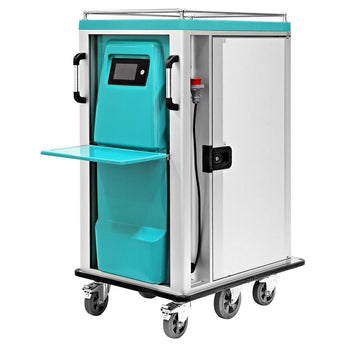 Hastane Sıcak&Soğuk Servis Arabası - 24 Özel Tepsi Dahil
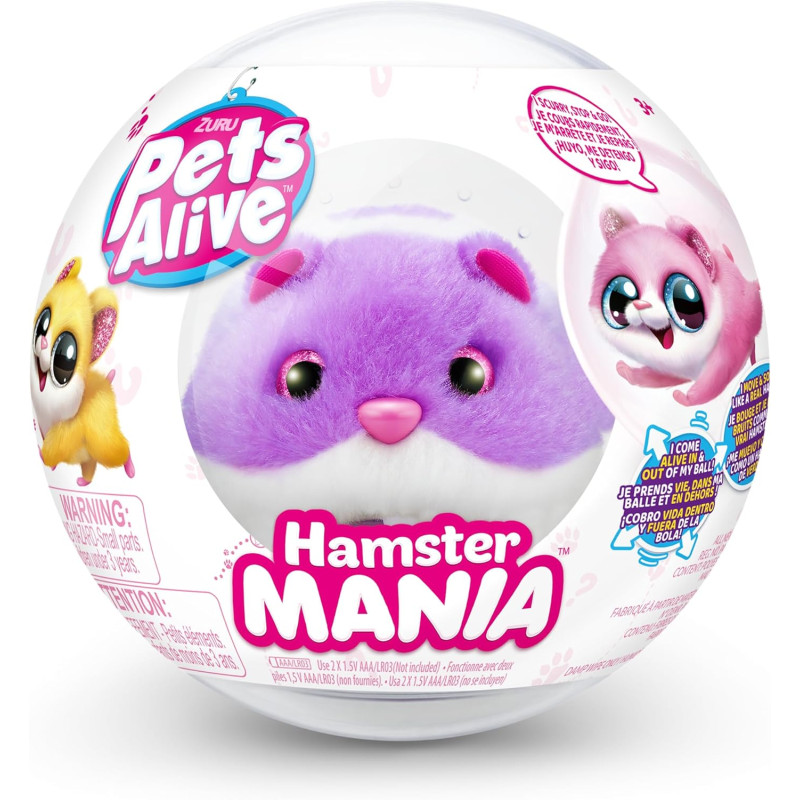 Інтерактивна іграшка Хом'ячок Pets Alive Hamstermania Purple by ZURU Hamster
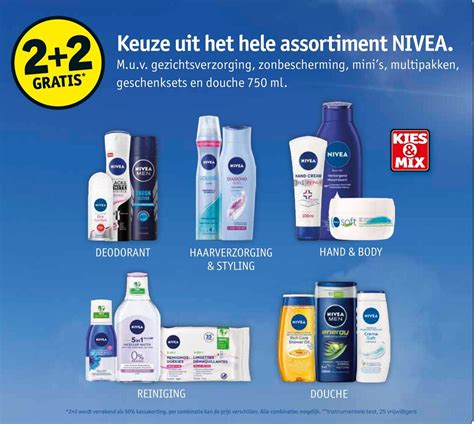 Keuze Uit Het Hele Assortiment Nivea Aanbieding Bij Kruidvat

• [WHAT IS BEING ASKED] Copy out, with no pictures, the lines from the one containing "Інтерактивна іграшка Хом'ячок" through the last line of the data above, both ends included and each word unchanged.

• [EXERCISE RESULT]
 Інтерактивна іграшка Хом'ячок Pets Alive Hamstermania Purple by ZURU Hamster
 Keuze Uit Het Hele Assortiment Nivea Aanbieding Bij Kruidvat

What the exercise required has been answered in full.